Supported by the Ministry of Health and Welfare, Feng Yuan Hospital Research Project 103-004; and the National Science Council, No. NSC 100-2320-B-005-005 and No. NSC 101-2320-B-005-003.

Conflict-of-interest statement: The authors have no conflict of interest to declare.

Open-Access: This article is an open-access article which was selected by an in-house editor and fully peer-reviewed by external reviewers. It is distributed in accordance with the Creative Commons Attribution Non Commercial (CC BY-NC 4.0) license, which permits others to distribute, remix, adapt, build upon this work non-commercially, and license their derivative works on different terms, provided the original work is properly cited and the use is non-commercial. See: http://creativecommons.org/licenses/by-nc/4.0/

Correspondence to: Pin-Ju Chueh, PhD, Institute of Biomedical Sciences, National Chung Hsing University, Taichung 40227, Taiwan. pjchueh@dragon.nchu.edu.tw

Telephone: +886-4-22840896 Fax: +886-4-22853469

Received: April 29, 2015
Peer-review started: May 8, 2015
First decision: August 26, 2015
Revised: September 8, 2015
Accepted: November 9, 2015
Article in press: November 9, 2015
Published online: March 14, 2016

Abstract

Gastric cancer is one of the most common human malignancies, and its prevalence has been shown to be well-correlated with cancer-related deaths worldwide. Regrettably, the poor prognosis of this disease is mainly due to its late diagnosis at advanced stages after the cancer has already metastasized. Recent research has emphasized the identification of cancer biomarkers in the hope of diagnosing cancer early and designing targeted therapies to reverse cancer progression. One member of a family of growth-related nicotinamide adenine dinucleotide (NADH or hydroquinone) oxidases is tumor-associated NADH oxidase (tNOX; ENOX2). Unlike its counterpart CNOX (ENOX1), identified in normal rat liver plasma membranes and shown to be stimulated by growth factors and hormones, tNOX activity purified from rat hepatoma cells is constitutively active. Its activity is detectable in the sera of cancer patients but not in those of healthy volunteers, suggesting its clinical relevance. Interestingly, tNOX expression was shown to be present in an array of cancer cell lines. More importantly, inhibition of tNOX was well correlated with reduced cancer cell growth and induction of apoptosis. RNA interference targeting tNOX expression in cancer cells effectively restored non-cancerous phenotypes, further supporting the vital role of tNOX in cancer cells. Here, we review the regulatory role of tNOX in gastric cancer cell growth.
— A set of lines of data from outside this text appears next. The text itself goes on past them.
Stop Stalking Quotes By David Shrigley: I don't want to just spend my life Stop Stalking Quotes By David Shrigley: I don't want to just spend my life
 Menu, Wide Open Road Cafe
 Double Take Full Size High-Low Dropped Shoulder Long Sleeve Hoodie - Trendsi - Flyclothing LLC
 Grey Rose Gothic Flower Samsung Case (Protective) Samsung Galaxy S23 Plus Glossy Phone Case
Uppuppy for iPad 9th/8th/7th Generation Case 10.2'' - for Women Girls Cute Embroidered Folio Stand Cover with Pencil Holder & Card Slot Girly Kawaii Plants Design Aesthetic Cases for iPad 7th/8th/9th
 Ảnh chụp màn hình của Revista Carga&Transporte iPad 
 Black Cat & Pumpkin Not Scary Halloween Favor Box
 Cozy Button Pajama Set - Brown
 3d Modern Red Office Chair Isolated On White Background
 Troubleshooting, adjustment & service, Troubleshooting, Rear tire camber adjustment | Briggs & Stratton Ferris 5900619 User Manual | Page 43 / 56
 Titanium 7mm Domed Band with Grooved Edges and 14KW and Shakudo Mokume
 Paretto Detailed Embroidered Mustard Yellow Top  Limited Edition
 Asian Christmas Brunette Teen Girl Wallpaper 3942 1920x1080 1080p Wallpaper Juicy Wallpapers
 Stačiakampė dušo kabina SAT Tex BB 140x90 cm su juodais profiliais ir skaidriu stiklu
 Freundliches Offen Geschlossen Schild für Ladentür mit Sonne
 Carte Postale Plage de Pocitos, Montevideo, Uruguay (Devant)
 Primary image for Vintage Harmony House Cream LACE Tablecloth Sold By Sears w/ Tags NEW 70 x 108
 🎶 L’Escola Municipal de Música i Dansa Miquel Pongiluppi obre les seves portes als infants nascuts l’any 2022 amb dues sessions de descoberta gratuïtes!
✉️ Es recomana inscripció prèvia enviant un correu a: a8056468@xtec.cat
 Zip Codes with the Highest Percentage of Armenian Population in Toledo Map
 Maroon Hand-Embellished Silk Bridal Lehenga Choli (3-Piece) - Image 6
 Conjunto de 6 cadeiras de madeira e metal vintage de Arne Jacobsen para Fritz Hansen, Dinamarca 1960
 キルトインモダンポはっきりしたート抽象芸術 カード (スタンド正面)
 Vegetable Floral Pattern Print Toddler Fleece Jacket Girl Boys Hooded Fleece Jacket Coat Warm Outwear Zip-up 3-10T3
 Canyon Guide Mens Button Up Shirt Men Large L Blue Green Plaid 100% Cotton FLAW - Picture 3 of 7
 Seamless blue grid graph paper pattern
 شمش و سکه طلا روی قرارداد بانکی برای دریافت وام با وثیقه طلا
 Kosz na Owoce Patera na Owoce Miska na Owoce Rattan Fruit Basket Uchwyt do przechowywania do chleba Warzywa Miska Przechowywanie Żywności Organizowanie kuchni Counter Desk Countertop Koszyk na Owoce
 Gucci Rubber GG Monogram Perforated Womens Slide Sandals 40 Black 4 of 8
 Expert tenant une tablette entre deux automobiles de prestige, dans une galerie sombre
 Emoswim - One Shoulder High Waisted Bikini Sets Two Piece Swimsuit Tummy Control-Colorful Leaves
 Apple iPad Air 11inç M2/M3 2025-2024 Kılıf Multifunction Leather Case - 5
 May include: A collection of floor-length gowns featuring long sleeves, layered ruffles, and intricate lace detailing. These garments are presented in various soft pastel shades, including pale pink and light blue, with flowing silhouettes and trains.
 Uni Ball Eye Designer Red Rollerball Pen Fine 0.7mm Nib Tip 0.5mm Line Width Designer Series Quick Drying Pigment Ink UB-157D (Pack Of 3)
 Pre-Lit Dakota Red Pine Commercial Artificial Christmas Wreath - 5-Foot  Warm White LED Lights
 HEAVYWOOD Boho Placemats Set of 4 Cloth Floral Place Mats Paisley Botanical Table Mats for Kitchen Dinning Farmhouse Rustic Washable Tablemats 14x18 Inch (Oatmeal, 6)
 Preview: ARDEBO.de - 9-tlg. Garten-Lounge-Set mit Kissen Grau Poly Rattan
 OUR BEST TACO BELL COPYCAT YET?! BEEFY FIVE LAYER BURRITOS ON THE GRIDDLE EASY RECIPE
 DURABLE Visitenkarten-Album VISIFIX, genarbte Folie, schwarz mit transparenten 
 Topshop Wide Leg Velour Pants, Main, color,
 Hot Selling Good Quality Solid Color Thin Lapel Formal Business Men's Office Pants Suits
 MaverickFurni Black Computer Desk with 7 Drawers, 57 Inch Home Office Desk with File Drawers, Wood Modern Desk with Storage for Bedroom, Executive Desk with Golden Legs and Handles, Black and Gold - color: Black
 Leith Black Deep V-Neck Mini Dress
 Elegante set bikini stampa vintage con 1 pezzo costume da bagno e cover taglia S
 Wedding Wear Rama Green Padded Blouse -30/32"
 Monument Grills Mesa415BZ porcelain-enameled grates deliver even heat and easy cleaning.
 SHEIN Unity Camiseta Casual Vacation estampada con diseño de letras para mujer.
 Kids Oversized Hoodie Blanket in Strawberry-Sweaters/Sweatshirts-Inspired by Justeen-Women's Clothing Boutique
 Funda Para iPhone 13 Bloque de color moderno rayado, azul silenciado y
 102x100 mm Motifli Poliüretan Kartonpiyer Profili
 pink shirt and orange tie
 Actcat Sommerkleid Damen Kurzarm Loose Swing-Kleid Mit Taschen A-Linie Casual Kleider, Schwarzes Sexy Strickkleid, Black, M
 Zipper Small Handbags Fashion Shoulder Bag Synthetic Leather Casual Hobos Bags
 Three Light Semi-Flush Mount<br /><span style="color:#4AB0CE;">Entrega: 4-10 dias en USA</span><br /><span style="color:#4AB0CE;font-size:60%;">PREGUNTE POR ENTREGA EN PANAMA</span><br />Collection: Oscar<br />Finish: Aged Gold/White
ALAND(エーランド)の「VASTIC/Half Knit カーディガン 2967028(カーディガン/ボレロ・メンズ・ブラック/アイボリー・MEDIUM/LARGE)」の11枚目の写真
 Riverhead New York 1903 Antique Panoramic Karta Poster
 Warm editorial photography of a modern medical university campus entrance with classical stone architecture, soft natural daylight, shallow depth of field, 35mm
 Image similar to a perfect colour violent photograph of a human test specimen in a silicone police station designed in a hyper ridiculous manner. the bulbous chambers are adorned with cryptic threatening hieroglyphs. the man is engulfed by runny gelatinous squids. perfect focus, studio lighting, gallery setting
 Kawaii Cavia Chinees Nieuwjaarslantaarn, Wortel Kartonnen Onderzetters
Keywords: Apoptosis, Capsaicin, Gastric cancer cells, Protein expression, Tumor-associated NADH oxidase

Core tip: Gastric cancer is one of the most common human malignancies, and its prevalence has been shown to be well-correlated with cancer-related deaths worldwide. Here, we review the role of tumor-associated NADH oxidase tNOX (ENOX2) in cancer, in particular its regulation of gastric cancer cell growth. The most common inhibitors of tNOX and the phenotypes associated with tNOX depletion are also discussed.